E così Stefano Cucchi non è morto di epilessia, e i lividi non se li è fatti cadendo dalle scale perché era un ragazzo distratto.
Stefano Cucchi è stato ammazzato di botte, omicidio preterintenzionale, così dice la sentenza di primo grado che ha condannato i due carabinieri Di Bernardo e D'Alessandro a dodici anni di reclusione.
Ora sarebbe il momento che qualcuno chiedesse scusa alla famiglia Cucchi. Scusa per avere insultato, denigrato, minimizzato, banalizzato, sviato, volgarizzato, diffamato, calunniato, offeso, disonorato, diffamato, screditato, ingiuriato, oltraggiato, violato, nuociuto, vilipeso e ucciso più volte con le loro parole, Stefano Cucchi.
Sarebbe l'ora che Carlo Giovanardi si prostrasse, in privato e non in pubblico come un fariseo, ai piedi di Ilaria Cucchi, e chiedesse perdono.
Sarebbe l'ora che Matteo Salvini si genuflettesse pentito ai piedi della madre di Stefano Cucchi, non in diretta Facebook come piace a lui, e provasse ad essere umano per una volta, chiedendo perdono per tutti i suoi peccati politici. Sarebbe l'ora che tutta quella politica, ed è stata tantissima in questi anni, che ha "ammazzato di botte fatte di parole", la memoria di Stefano Cucchi, riflettesse sul proprio agire, si denudasse dall'ipocrisia, salisse sul campanile e piangendo urlasse l'unica parola dicibile: "Scusate. Siamo stati un ammasso di pensieri pervertiti, a cui abbiamo dato sfogo nel modo peggiore: insultando chi andava protetto. Ingiuriando la vittima di una storia oltraggiosa. Vi chiediamo scusa anche se non meritiamo di essere scusati".

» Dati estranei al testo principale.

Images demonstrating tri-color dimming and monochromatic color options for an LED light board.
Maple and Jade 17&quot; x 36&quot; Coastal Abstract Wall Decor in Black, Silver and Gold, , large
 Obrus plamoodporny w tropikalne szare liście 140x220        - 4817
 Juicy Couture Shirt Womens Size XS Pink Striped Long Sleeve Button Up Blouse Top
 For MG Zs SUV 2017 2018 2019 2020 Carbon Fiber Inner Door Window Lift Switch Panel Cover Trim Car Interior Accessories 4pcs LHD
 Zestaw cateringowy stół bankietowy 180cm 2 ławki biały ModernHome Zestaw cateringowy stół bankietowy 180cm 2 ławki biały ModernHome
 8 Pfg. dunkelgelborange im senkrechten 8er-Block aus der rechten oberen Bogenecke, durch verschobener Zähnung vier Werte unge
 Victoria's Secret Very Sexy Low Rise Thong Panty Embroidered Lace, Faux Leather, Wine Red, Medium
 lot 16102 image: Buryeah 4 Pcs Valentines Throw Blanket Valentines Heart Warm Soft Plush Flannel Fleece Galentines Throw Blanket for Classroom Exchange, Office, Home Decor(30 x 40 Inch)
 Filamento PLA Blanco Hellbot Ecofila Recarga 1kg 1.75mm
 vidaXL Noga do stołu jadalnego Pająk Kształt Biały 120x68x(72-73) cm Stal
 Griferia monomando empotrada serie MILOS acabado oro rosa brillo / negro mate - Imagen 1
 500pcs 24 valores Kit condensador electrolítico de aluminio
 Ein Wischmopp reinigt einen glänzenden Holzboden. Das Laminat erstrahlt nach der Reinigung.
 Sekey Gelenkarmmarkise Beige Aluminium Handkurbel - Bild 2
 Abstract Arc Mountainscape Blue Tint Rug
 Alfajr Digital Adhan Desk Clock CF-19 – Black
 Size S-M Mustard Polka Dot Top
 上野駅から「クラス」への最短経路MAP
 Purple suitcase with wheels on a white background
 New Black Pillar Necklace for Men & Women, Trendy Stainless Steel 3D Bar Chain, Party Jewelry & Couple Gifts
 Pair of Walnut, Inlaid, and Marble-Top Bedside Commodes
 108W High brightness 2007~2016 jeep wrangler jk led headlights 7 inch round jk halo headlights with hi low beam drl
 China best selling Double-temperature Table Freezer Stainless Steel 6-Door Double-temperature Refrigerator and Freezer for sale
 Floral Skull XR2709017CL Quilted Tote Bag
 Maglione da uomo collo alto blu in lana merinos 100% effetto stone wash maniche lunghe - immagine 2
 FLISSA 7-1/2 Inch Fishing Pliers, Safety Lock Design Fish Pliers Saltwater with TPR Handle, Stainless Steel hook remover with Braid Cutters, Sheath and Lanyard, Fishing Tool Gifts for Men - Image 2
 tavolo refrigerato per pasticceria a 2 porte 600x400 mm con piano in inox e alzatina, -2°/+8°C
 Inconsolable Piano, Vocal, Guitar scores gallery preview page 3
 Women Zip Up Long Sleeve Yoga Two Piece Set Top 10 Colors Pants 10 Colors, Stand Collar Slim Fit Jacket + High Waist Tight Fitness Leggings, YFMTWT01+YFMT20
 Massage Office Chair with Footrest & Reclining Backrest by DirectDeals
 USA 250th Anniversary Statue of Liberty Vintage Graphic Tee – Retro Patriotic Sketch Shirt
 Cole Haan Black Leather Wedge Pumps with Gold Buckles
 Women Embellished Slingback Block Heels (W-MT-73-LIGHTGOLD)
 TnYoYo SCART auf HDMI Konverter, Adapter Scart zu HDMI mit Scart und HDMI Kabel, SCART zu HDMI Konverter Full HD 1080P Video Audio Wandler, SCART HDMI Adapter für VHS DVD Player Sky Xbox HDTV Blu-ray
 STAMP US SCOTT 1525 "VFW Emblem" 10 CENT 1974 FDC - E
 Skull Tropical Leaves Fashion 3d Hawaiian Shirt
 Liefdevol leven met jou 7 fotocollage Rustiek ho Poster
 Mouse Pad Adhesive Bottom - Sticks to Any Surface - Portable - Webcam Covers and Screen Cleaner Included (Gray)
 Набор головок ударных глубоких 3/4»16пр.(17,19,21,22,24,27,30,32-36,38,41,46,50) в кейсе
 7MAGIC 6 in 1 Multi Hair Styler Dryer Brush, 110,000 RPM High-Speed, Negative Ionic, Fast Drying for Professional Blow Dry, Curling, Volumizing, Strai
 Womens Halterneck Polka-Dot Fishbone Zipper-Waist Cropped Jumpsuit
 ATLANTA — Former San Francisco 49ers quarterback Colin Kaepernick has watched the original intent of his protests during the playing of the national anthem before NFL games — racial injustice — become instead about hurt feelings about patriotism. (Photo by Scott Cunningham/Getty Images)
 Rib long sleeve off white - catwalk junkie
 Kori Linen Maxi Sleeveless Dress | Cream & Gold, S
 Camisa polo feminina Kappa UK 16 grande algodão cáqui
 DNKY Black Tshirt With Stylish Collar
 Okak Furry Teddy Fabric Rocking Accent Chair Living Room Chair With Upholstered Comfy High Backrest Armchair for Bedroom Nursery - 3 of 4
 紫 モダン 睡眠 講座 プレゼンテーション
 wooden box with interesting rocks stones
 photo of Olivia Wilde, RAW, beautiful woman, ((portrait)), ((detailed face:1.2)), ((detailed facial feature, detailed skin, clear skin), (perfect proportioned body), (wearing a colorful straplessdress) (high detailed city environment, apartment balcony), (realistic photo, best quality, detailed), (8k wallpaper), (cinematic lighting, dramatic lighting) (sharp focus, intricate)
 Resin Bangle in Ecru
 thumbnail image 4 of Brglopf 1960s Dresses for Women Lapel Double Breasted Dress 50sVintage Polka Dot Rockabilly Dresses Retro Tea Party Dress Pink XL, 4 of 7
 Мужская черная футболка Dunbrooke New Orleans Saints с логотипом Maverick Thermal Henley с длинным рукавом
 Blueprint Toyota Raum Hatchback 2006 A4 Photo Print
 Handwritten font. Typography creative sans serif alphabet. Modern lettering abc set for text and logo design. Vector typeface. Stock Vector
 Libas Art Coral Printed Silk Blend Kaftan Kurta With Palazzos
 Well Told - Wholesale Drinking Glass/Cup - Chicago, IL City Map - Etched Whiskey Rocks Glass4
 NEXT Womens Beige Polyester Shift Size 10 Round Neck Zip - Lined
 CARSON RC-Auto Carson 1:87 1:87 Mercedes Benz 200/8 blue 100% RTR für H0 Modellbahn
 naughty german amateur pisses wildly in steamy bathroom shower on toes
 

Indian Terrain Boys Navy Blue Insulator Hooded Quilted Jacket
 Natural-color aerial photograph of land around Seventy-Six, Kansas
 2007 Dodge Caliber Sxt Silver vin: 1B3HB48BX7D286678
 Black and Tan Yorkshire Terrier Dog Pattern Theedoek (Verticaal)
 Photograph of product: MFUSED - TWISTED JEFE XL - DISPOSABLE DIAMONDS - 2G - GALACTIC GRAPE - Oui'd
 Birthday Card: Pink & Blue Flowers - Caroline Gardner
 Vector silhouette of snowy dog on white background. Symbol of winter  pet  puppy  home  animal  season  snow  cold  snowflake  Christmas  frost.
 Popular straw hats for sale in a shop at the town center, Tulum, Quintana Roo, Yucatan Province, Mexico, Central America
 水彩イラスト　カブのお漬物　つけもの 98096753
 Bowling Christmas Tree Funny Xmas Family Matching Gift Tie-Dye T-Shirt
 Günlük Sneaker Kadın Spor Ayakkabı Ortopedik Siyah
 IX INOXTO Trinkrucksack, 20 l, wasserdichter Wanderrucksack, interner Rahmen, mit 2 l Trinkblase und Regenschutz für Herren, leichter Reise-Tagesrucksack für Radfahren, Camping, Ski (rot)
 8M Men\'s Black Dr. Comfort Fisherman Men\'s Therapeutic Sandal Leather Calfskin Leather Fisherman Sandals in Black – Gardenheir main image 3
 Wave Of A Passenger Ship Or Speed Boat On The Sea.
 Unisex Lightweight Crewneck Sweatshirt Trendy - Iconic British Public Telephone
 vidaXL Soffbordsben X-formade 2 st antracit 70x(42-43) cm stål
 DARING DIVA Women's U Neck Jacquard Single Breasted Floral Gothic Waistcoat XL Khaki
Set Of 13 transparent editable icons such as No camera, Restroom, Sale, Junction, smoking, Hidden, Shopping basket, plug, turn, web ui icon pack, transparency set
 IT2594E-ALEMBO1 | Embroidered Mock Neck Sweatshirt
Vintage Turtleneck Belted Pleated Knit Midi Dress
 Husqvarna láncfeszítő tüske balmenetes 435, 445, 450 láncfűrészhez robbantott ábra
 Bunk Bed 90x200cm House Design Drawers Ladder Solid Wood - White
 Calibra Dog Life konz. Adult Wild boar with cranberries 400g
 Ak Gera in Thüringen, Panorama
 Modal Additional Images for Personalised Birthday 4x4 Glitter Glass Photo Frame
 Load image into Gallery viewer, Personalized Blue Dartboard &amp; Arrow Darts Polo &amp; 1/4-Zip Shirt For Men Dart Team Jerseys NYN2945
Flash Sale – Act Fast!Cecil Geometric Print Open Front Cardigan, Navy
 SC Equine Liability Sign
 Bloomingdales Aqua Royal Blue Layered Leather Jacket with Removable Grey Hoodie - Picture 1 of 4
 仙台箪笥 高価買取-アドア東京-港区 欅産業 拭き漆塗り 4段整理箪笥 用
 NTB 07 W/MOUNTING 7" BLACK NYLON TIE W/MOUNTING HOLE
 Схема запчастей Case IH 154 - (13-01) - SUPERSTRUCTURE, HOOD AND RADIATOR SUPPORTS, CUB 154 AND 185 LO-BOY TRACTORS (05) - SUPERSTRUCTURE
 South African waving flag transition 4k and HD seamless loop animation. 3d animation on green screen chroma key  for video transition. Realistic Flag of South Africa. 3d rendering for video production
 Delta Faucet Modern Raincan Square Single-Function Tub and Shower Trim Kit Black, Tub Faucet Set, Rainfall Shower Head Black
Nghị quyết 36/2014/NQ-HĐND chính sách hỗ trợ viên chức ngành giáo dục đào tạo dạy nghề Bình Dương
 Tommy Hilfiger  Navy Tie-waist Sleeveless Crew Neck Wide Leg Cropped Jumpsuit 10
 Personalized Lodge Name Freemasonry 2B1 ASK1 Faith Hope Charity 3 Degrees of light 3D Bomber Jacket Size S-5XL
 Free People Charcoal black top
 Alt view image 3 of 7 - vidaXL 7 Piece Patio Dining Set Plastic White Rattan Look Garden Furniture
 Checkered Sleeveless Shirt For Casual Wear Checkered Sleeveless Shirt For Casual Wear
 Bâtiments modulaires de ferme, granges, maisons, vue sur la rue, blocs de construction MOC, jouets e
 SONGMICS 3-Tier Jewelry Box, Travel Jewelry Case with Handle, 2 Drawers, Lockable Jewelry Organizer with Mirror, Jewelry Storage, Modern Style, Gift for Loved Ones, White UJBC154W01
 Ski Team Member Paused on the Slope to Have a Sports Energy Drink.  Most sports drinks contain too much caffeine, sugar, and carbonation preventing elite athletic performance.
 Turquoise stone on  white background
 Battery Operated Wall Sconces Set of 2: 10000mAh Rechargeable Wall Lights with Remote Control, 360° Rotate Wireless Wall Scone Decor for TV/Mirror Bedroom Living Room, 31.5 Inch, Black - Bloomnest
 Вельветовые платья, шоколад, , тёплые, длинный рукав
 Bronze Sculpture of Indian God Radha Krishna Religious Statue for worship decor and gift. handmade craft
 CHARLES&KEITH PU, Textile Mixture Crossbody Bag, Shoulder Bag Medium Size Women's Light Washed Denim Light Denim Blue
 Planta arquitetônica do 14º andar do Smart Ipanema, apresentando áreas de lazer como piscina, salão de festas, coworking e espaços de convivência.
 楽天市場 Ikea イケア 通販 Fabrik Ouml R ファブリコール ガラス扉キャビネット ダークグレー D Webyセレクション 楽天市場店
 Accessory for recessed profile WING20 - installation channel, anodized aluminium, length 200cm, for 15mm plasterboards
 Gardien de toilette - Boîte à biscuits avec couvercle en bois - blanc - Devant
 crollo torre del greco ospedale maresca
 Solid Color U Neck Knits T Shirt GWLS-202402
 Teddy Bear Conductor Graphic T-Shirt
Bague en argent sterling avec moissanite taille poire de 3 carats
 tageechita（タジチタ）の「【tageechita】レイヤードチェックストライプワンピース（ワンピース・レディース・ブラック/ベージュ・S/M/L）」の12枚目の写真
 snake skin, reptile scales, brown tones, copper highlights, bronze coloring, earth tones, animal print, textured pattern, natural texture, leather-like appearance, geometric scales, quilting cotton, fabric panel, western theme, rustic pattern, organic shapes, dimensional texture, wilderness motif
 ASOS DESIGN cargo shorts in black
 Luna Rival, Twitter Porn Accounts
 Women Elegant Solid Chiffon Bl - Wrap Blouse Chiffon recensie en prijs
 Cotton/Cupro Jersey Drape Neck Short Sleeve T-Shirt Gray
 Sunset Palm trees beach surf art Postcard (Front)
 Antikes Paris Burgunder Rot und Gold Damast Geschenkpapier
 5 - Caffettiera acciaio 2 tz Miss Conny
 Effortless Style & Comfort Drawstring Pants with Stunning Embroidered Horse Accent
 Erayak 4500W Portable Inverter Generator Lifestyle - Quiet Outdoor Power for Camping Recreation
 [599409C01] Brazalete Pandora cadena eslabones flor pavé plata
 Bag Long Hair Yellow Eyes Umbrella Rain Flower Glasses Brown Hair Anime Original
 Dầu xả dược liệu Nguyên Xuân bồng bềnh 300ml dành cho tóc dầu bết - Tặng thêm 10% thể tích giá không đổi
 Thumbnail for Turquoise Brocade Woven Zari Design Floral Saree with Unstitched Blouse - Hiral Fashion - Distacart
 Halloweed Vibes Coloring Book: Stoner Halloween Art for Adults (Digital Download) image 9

Questo dovrebbero dire i rappresentanti di una politica marcia che, invece, non proferirà parole, c'è da giurarci. Abbracceranno la menzogna anche di fronte a una sentenza, e useranno giri di parole per non pronunciare l'unica frase che dovrebbero dire: "scusateci, per essere stati la manovalanza colpevole nella narrazione dei violentatori".